Task prompt | Working from the entries below, give again each line from the first through the one containing "Fig. 15. Opstilling", exactly and with nothing else.

Records from a data collection:
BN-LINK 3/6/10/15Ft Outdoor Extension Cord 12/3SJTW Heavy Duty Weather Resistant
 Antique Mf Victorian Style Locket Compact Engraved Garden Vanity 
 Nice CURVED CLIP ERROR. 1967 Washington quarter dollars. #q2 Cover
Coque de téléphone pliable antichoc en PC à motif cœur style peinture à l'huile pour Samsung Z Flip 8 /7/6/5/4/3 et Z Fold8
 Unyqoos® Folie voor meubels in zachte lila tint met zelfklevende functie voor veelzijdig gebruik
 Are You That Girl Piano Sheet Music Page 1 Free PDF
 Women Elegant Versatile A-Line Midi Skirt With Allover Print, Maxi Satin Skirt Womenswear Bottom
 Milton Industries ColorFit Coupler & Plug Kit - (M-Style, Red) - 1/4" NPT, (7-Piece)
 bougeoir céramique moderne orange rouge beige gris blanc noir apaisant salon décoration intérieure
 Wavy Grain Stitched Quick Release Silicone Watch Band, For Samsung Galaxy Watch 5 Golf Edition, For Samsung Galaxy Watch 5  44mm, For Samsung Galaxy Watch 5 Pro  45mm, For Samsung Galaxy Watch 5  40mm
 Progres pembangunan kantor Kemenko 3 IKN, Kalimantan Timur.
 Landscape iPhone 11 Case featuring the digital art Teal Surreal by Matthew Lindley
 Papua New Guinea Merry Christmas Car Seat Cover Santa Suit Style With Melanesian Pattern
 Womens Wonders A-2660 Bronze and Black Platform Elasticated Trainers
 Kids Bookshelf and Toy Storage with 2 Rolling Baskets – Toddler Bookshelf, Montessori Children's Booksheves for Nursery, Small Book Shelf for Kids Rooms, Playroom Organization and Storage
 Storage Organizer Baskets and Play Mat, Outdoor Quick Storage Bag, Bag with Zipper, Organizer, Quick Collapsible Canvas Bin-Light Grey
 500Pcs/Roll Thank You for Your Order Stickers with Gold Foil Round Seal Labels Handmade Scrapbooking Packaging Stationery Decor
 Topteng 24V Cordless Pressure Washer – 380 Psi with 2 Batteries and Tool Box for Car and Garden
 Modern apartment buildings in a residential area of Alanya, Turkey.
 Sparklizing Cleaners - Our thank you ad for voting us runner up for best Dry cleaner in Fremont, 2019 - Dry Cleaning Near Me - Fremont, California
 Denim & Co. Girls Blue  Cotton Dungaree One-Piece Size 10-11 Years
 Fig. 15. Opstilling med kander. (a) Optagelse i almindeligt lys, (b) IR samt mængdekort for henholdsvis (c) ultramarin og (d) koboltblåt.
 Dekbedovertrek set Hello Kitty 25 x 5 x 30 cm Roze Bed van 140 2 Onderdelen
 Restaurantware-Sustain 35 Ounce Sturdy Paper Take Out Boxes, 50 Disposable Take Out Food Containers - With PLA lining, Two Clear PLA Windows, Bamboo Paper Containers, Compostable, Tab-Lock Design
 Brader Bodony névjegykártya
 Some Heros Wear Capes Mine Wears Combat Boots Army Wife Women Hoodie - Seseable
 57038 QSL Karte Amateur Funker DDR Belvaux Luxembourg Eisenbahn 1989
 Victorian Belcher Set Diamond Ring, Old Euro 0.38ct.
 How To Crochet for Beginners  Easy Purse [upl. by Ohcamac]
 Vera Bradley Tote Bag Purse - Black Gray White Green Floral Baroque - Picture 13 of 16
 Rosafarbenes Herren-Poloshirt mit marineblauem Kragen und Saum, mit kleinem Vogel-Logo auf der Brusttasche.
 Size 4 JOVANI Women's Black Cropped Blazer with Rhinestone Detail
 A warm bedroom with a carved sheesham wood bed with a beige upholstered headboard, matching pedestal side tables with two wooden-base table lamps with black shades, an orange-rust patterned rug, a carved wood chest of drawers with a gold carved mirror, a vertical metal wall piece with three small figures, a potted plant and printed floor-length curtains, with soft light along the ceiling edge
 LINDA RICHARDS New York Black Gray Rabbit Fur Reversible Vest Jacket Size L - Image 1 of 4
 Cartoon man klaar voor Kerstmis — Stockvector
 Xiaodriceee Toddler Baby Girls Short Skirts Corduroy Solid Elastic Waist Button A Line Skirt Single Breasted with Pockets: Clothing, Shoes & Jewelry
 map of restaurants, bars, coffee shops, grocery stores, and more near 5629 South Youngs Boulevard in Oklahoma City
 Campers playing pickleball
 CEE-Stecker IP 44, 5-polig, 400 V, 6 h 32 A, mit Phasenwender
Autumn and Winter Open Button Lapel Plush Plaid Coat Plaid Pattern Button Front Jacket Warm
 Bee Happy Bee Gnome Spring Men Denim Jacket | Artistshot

Written reply |
BN-LINK 3/6/10/15Ft Outdoor Extension Cord 12/3SJTW Heavy Duty Weather Resistant
 Antique Mf Victorian Style Locket Compact Engraved Garden Vanity 
 Nice CURVED CLIP ERROR. 1967 Washington quarter dollars. #q2 Cover
Coque de téléphone pliable antichoc en PC à motif cœur style peinture à l'huile pour Samsung Z Flip 8 /7/6/5/4/3 et Z Fold8
 Unyqoos® Folie voor meubels in zachte lila tint met zelfklevende functie voor veelzijdig gebruik
 Are You That Girl Piano Sheet Music Page 1 Free PDF
 Women Elegant Versatile A-Line Midi Skirt With Allover Print, Maxi Satin Skirt Womenswear Bottom
 Milton Industries ColorFit Coupler & Plug Kit - (M-Style, Red) - 1/4" NPT, (7-Piece)
 bougeoir céramique moderne orange rouge beige gris blanc noir apaisant salon décoration intérieure
 Wavy Grain Stitched Quick Release Silicone Watch Band, For Samsung Galaxy Watch 5 Golf Edition, For Samsung Galaxy Watch 5  44mm, For Samsung Galaxy Watch 5 Pro  45mm, For Samsung Galaxy Watch 5  40mm
 Progres pembangunan kantor Kemenko 3 IKN, Kalimantan Timur.
 Landscape iPhone 11 Case featuring the digital art Teal Surreal by Matthew Lindley
 Papua New Guinea Merry Christmas Car Seat Cover Santa Suit Style With Melanesian Pattern
 Womens Wonders A-2660 Bronze and Black Platform Elasticated Trainers
 Kids Bookshelf and Toy Storage with 2 Rolling Baskets – Toddler Bookshelf, Montessori Children's Booksheves for Nursery, Small Book Shelf for Kids Rooms, Playroom Organization and Storage
 Storage Organizer Baskets and Play Mat, Outdoor Quick Storage Bag, Bag with Zipper, Organizer, Quick Collapsible Canvas Bin-Light Grey
 500Pcs/Roll Thank You for Your Order Stickers with Gold Foil Round Seal Labels Handmade Scrapbooking Packaging Stationery Decor
 Topteng 24V Cordless Pressure Washer – 380 Psi with 2 Batteries and Tool Box for Car and Garden
 Modern apartment buildings in a residential area of Alanya, Turkey.
 Sparklizing Cleaners - Our thank you ad for voting us runner up for best Dry cleaner in Fremont, 2019 - Dry Cleaning Near Me - Fremont, California
 Denim & Co. Girls Blue  Cotton Dungaree One-Piece Size 10-11 Years
 Fig. 15. Opstilling med kander. (a) Optagelse i almindeligt lys, (b) IR samt mængdekort for henholdsvis (c) ultramarin og (d) koboltblåt.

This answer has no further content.